Great collection of strategies! I found you on Linked In, of course! Although, I question the “Monday morning” advice. My experience is Thursday and Friday afternoons (Eastern time) does better than Monday or Tuesday. (gosh … I wonder why ….) 🙂

Author Jul 7, 2010
2:14 pm

Laura, thanks for finding “us” Randy & me
I have heard from many people that the best time for Re-Tweets is Monday, Tuesday & Wednesday BUT people do like to share on the weekends, so the Common Wisdom is some kind of “test” where you see what works for you.
I have one friend who publishes religiously on Sunday night and Wednesday day, and he has 11,000 readers a month. I’d love to hear others’ opinions on the Best Days to Post.

Jul 7, 2010
8:07 pm

Thanks for this. I loved the tips in the post. I’m about to implement one tip right now and switch out my profile picture. As to pictures, is one that is completely professional or one that is more casual, best for LinkedIn?

Author Jul 7, 2010
10:18 pm

Interesting question, Margaret.
I’m one of the people that suggests NOT posting different photos. I have found a subconscious “disconnect” when my favorite people change their photos. But, of course, “different strokes for different folks.” My suggestion is to trust what feels right for you, that is, after you have thought about it a bit.
Perhaps someone reading this blog will answer your question OR you might try posting on the actual original article on the Linked Strategy LinkedIn Group discussion board.

Jul 13, 2010
7:06 pm

Great comments, Laura interesting on the times you noticed.

Jan 23, 2011
9:00 pm
#6 Sherry :

I’m so glad someone is blogging about LinkedIn! I don’t know much about it. From Randy’s article I learned that LinkedIn has an events area. Good to know!

But I also have some questions … I post with ping, and often my LinkedIn posts are chopped off because of the letter-limit.

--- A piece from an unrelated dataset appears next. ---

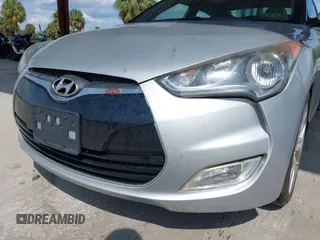 2012 Hyundai Veloster w/Gray Int z VIN KMHTC6ADXCU056898, wystawiony jako IAAI lot #40366687 z przebiegiem 137 161 mil mil oraz . Historia ofert i sprzedaży dostępna na DreamBid. Obrazek 6.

How can he get a post in there PLUS a “call to action?”

I’m also assuming his “fresh content” must be in notes or in the discussions, since there isn’t much room for comments on the status line.

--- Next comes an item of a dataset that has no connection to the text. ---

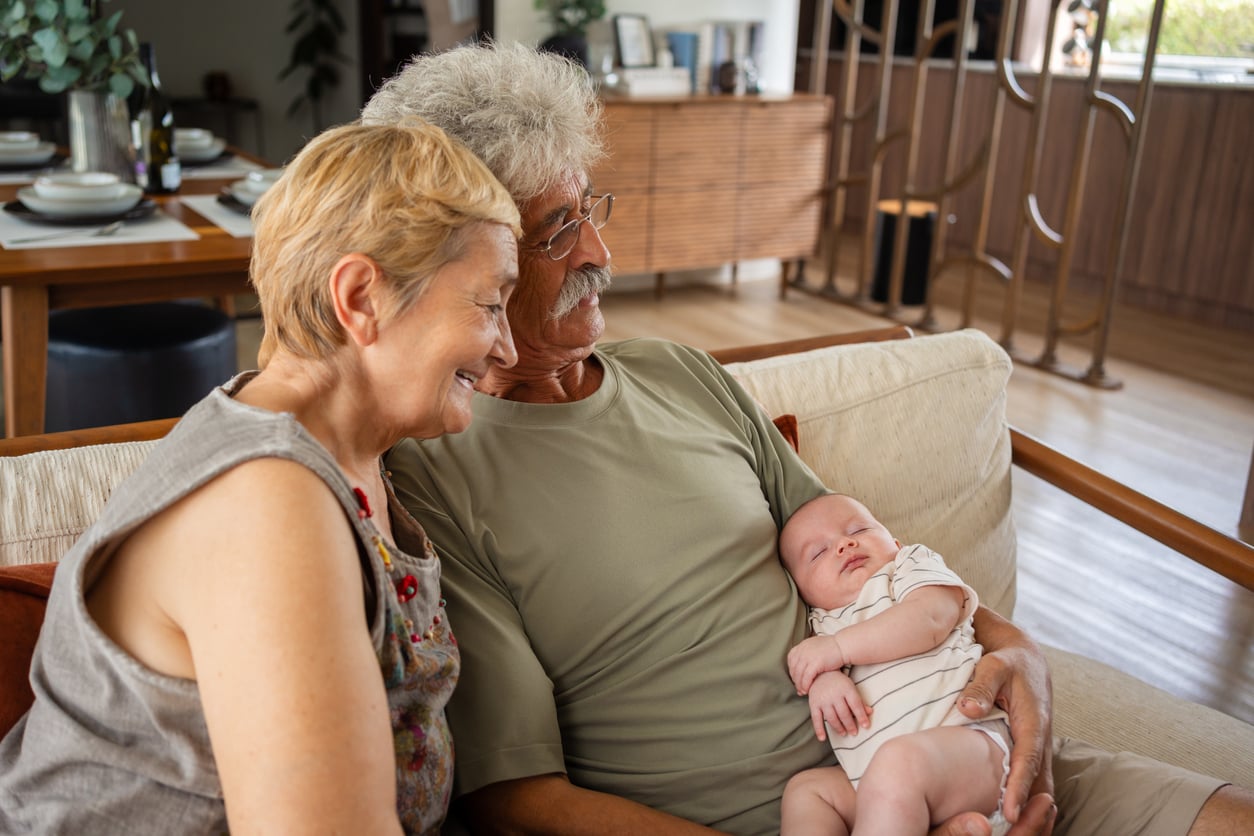 An older couple sits on a sofa, looking down affectionately at a sleeping baby resting in the man’s arms.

I’ve just started trying to connect with people in my field on LinkedIn by looking for groups, so hopefully will be soon able to enter discussions of “target-specific” people.

Thanks for tackling LinkedIn!

Author Jan 23, 2011
10:09 pm

Sherry, I love LinkedIn and do spend quite a bit of time writing about it. I do not, however PING anything as my feeling is that when we “automate” we do not engage — and, thus, are not being “social.”

Lots of people put “fresh content” into the Discussion Topics of groups — truly a great feature of LinkedIn!

Jan 25, 2011
3:57 pm
#8 Sherry :

Good point with Ping. I was only hoping to cut down time on social media, as I have many other projects going, but it probably does sacrifice connection.

So by posting directly to LinkedIn, do you get more character spaces?

Author Jan 25, 2011
7:04 pm

Sherry, yes, you do get more characters than Twitter. In many updates on LinkedIn, you get 200 characters. But, of course, with all the dynamism, i.e. daily changes, the number of characters allowed is always subject to change.

Jun 5, 2011
8:06 am
#10 Pat Bishop :

I’ve noticed some individuals posting on LinkedIn as if they are texting their every move, what I had for breakfast, family did this, that and the other. I find that irritating and just clogging up the system with useless chatter.

Author Jun 5, 2011
9:18 am
#11 Shari Weiss :

Pat, that’s one of the reasons that automation is NOT the way to go. Each social media platform has its own set of strategies, and LinkedIn is a place where words should have more value than mere chitchat.